PROBLEM STATEMENT — Find every line below with the word "enfants". Then give only how many there are.

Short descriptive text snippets
• • • • • • •
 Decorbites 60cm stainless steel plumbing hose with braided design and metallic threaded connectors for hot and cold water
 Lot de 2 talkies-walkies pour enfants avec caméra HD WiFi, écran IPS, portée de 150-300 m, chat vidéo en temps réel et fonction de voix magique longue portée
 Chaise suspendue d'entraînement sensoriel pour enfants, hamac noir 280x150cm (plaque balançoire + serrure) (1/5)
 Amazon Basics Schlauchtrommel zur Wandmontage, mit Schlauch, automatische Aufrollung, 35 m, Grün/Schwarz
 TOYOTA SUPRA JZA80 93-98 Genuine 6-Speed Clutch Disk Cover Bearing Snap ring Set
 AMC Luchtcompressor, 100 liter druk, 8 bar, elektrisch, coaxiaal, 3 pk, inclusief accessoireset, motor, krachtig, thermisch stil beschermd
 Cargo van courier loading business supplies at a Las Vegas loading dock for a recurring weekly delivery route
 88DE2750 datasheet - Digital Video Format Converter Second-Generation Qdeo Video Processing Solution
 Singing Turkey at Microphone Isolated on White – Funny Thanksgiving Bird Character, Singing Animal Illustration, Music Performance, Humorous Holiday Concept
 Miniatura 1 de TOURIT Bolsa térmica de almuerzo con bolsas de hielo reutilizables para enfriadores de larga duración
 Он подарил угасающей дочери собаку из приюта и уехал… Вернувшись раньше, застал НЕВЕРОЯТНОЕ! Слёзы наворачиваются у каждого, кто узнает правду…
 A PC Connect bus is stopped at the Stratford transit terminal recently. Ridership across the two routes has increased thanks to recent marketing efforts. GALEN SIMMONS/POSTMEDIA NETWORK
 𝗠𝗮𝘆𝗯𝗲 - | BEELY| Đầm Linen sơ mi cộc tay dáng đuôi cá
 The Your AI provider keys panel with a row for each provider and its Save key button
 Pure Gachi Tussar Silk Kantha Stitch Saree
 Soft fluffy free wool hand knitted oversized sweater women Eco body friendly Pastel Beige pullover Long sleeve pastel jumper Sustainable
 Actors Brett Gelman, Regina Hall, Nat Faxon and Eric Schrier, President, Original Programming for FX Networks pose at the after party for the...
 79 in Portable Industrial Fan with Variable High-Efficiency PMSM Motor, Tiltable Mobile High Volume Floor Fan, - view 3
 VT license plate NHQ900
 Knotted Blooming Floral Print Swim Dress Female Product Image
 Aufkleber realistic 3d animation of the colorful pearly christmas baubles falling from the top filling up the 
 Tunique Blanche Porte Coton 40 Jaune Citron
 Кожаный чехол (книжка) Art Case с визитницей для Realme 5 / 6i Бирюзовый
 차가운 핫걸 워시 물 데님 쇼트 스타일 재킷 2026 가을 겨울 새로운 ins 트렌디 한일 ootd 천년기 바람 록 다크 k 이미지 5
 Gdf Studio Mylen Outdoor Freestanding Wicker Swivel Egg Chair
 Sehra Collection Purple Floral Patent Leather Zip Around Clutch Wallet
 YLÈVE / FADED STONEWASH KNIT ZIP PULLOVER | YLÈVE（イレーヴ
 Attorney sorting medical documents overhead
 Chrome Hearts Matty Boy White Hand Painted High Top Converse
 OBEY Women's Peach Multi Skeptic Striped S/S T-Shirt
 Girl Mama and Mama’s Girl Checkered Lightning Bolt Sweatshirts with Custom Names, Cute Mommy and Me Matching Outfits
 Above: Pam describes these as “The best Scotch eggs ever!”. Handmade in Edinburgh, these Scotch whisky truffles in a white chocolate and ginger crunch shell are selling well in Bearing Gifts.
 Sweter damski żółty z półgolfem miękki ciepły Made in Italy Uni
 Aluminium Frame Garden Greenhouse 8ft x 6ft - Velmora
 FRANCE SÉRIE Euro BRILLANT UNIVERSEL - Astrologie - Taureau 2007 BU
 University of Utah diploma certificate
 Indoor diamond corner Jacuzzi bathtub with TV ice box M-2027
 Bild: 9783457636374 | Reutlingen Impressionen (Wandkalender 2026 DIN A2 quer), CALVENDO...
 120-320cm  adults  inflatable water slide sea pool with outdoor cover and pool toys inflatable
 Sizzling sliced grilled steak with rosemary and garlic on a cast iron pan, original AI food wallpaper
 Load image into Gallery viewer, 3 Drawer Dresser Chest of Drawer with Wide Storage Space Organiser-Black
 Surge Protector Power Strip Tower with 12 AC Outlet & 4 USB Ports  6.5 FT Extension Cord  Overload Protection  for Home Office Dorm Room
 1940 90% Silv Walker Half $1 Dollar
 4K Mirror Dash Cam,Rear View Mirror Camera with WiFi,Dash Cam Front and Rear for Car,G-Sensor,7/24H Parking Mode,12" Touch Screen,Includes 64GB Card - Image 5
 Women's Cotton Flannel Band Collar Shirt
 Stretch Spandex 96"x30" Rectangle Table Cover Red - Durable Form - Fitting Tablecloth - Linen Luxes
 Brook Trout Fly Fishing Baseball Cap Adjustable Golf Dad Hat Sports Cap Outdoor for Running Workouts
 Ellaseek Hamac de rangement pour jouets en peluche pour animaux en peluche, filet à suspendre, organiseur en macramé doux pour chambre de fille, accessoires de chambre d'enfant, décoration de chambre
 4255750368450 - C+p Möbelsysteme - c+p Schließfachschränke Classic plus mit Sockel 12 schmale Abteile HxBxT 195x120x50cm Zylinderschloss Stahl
• • • • • • •
RESPONSE FOR THIS EXERCISE — 2